= Assignment =
Look below for the line holding "Kad_n Mavi Mini Boy Jean Elbise" and the line holding "Retro Jack Bronze". Transcribe exactly those lines and all lines between them, nothing more.

= Records drawn from a dataset =
»»

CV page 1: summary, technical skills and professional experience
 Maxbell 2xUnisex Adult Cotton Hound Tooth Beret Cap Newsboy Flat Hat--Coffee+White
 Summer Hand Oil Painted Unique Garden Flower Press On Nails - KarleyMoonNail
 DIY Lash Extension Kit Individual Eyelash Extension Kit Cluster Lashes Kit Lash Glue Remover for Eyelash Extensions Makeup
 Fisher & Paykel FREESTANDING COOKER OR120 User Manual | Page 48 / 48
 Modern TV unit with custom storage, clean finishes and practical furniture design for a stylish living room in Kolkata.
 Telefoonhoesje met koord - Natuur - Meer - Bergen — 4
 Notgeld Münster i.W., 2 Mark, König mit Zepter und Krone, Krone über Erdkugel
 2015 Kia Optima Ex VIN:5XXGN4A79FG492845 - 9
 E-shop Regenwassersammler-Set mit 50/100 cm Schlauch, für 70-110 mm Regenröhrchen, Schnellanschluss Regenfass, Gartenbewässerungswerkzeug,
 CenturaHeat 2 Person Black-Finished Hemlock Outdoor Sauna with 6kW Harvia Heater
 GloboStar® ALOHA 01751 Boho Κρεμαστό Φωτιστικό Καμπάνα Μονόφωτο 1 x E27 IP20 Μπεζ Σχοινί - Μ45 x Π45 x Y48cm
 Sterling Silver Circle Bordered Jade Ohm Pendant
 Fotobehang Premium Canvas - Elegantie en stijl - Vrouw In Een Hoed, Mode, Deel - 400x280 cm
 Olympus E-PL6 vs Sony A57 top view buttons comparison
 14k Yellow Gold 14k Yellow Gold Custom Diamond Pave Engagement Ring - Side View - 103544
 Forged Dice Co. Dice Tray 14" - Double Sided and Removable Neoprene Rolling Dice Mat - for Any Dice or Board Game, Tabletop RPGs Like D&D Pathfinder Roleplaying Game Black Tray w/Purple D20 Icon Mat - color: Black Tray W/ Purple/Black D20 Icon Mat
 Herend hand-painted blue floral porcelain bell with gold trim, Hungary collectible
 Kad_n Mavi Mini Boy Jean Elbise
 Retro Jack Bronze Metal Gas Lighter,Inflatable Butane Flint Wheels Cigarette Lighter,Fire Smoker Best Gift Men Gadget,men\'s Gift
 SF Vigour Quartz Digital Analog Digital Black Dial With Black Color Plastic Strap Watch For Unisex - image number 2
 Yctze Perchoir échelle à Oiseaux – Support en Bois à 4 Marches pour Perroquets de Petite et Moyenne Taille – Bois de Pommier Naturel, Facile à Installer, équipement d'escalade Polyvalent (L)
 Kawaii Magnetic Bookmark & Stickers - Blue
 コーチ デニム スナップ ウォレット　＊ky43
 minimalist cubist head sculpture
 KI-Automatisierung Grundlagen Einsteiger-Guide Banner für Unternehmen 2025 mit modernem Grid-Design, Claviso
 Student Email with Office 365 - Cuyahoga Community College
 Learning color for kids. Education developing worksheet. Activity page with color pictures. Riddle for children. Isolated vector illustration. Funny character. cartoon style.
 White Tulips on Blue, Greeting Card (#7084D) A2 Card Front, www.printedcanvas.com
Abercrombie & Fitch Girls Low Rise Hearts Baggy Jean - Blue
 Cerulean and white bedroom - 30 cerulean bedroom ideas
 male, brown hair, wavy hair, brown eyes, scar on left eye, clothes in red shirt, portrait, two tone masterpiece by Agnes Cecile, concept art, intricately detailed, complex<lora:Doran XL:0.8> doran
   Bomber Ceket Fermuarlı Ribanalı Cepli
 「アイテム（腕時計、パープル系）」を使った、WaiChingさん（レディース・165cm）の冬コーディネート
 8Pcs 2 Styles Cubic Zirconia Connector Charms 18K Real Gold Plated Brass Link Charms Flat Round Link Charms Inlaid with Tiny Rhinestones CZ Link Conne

««

= Response box =
 Kad_n Mavi Mini Boy Jean Elbise
 Retro Jack Bronze Metal Gas Lighter,Inflatable Butane Flint Wheels Cigarette Lighter,Fire Smoker Best Gift Men Gadget,men\'s Gift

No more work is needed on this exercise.